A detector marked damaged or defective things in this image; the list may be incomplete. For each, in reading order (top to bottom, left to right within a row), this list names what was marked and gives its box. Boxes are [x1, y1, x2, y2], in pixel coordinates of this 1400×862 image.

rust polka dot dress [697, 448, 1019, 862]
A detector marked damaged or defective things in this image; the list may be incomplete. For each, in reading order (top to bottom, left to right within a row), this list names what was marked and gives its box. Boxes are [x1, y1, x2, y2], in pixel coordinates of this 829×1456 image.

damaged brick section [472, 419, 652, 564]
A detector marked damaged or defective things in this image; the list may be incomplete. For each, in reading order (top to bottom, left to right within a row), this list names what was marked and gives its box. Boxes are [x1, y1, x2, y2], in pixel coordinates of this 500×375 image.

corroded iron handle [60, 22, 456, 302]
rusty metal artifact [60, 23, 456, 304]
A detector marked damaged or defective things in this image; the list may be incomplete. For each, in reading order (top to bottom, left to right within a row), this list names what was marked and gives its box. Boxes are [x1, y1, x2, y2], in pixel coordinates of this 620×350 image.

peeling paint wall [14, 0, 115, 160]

◆ Work item ◆
The response should consist of the entries above, retyped exactly.

◆ Expected answer ◆
A detector marked damaged or defective things in this image; the list may be incomplete. For each, in reading order (top to bottom, left to right within a row), this list names what was marked and gives its box. Boxes are [x1, y1, x2, y2], in pixel coordinates of this 1400×862 image.

rust polka dot dress [697, 448, 1019, 862]
A detector marked damaged or defective things in this image; the list may be incomplete. For each, in reading order (top to bottom, left to right within a row), this list names what was marked and gives its box. Boxes are [x1, y1, x2, y2], in pixel coordinates of this 829×1456 image.

damaged brick section [472, 419, 652, 564]
A detector marked damaged or defective things in this image; the list may be incomplete. For each, in reading order (top to bottom, left to right within a row), this list names what was marked and gives its box. Boxes are [x1, y1, x2, y2], in pixel coordinates of this 500×375 image.

corroded iron handle [60, 22, 456, 302]
rusty metal artifact [60, 23, 456, 304]
A detector marked damaged or defective things in this image; the list may be incomplete. For each, in reading order (top to bottom, left to right within a row), this list names what was marked and gives its box. Boxes are [x1, y1, x2, y2], in pixel coordinates of this 620×350 image.

peeling paint wall [14, 0, 115, 160]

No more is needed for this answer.